Task directions:
Transcribe the entries that follow, every word as written, and drop the pictures.

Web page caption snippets
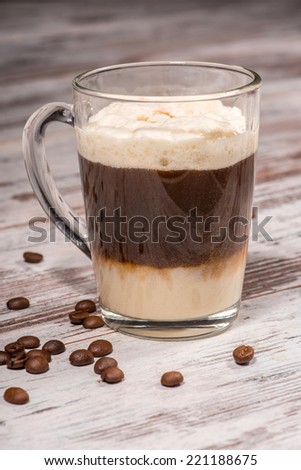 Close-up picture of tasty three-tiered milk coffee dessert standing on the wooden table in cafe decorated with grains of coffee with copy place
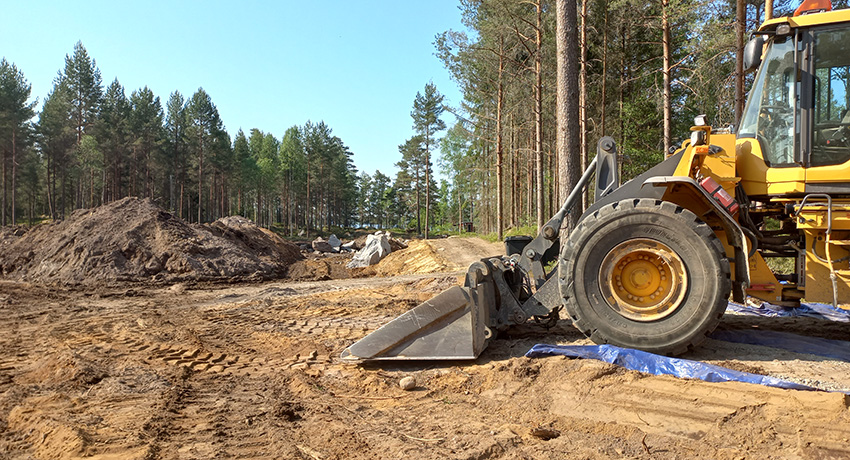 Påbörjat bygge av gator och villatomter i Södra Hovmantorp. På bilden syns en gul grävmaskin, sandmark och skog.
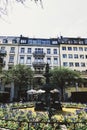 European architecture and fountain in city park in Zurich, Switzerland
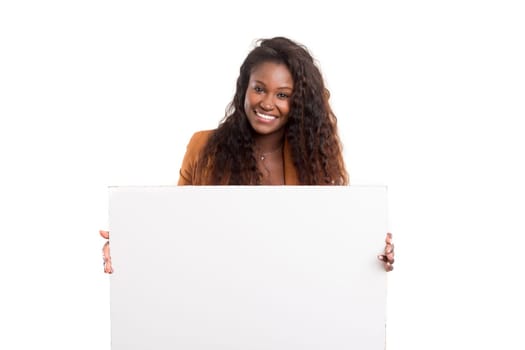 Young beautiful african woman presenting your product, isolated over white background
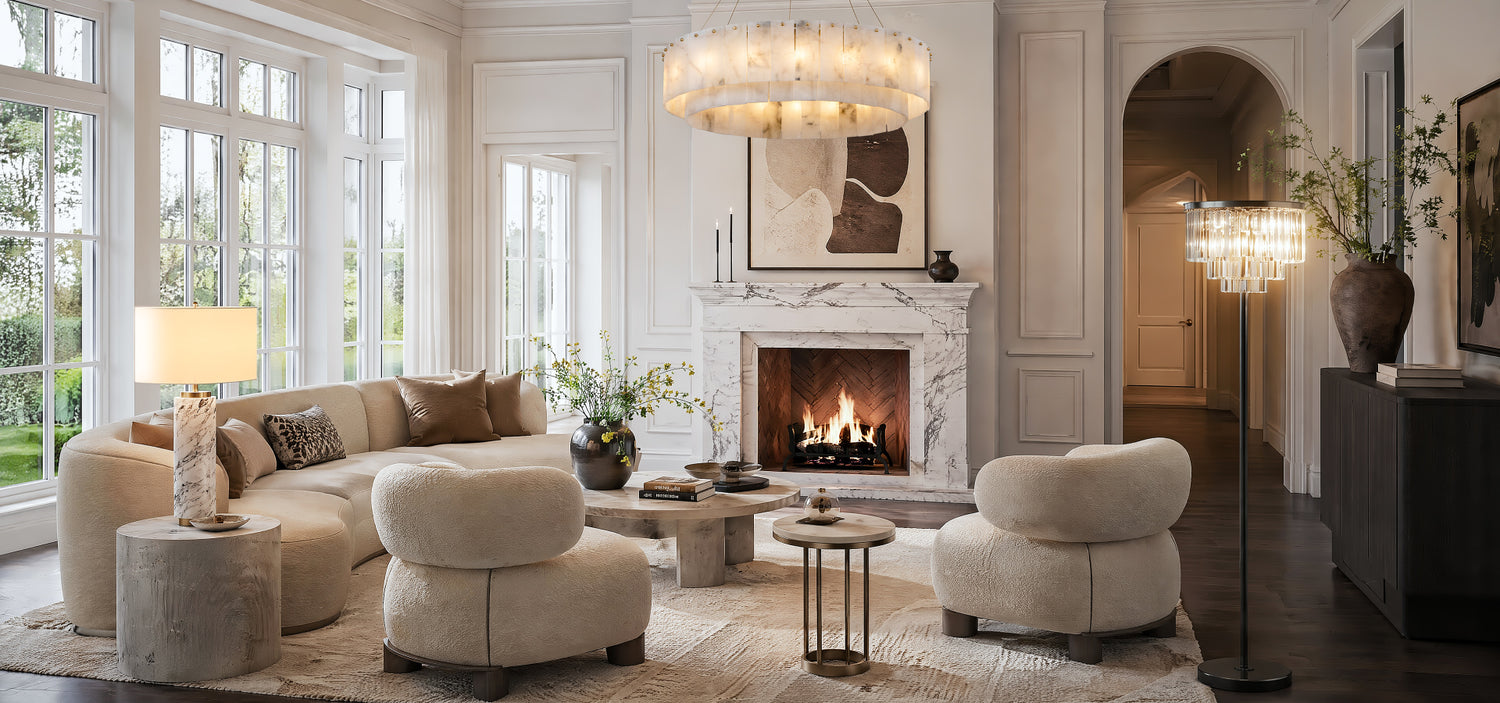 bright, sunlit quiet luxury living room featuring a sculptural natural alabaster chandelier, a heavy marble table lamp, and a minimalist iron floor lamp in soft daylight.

Solution to the exercise:
 Close-up picture of tasty three-tiered milk coffee dessert standing on the wooden table in cafe decorated with grains of coffee with copy place
 Påbörjat bygge av gator och villatomter i Södra Hovmantorp. På bilden syns en gul grävmaskin, sandmark och skog.
 European architecture and fountain in city park in Zurich, Switzerland
 Young beautiful african woman presenting your product, isolated over white background
 bright, sunlit quiet luxury living room featuring a sculptural natural alabaster chandelier, a heavy marble table lamp, and a minimalist iron floor lamp in soft daylight.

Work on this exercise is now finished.